Title: Case having signal transmission line

Description:
BACKGROUND OF THE INVENTION 
     1. Field of the Invention 
     The present invention relates to a case, and more particularly to a case having a signal transmission line. 
     2. Related Art 
     Wireless communication technology utilizes electromagnetic waves to transmit signals, so that it communicates with a remote device without connecting to a wire in usage. Therefore, the wireless communication technology is quite convenient while a user moves all around. Accordingly, more and more products using wireless communication technology have been proposed currently such as a mobile phone, and a laptop computer. However, since these products utilize electromagnetic waves to transmit signals, an antenna used to receive and transmit electromagnetic wave signals becomes an indispensable element. Nowadays, the antenna is mainly classified into an antenna disposed at an exterior of the device, and an antenna built in the device. However, the antenna disposed at an exterior of the device not only influences the size and appearance of the product, but also has defects of being easily crashed by an external force, easily flexed and broken up, so the built-in antenna has already become a tendency of a mainstream. 
     When being configured within a device, the built-in antenna device is electrically connected to a microprocessor in the device via a signal transmission line. The message to be transmitted is encoded into a signal by the microprocessor, and then the signal is transmitted via the signal transmission line. The above signal is directly fed into a signal feed-in portion of the built-in antenna device via the signal transmission line, and then transmitted to a radiation portion thereof by circuits or metal structures in the built-in antenna device. 

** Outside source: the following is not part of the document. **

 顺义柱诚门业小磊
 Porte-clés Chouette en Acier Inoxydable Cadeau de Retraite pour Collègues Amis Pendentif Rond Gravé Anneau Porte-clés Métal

     However, since the current device tends to be much lighter and thinner, when a signal transmission line is disposed in a device for electrically connecting a built-in antenna device to a microprocessor, it is rather difficult to implement the wiring within the device due to the volume of the signal transmission line. Meanwhile, when a signal is transmitted via the signal transmission line, the external electromagnetic wave interference can be avoided and the superior signal quality can be achieved. However, the manufacturing cost is generally quite high due to a high cost of the signal transmission line.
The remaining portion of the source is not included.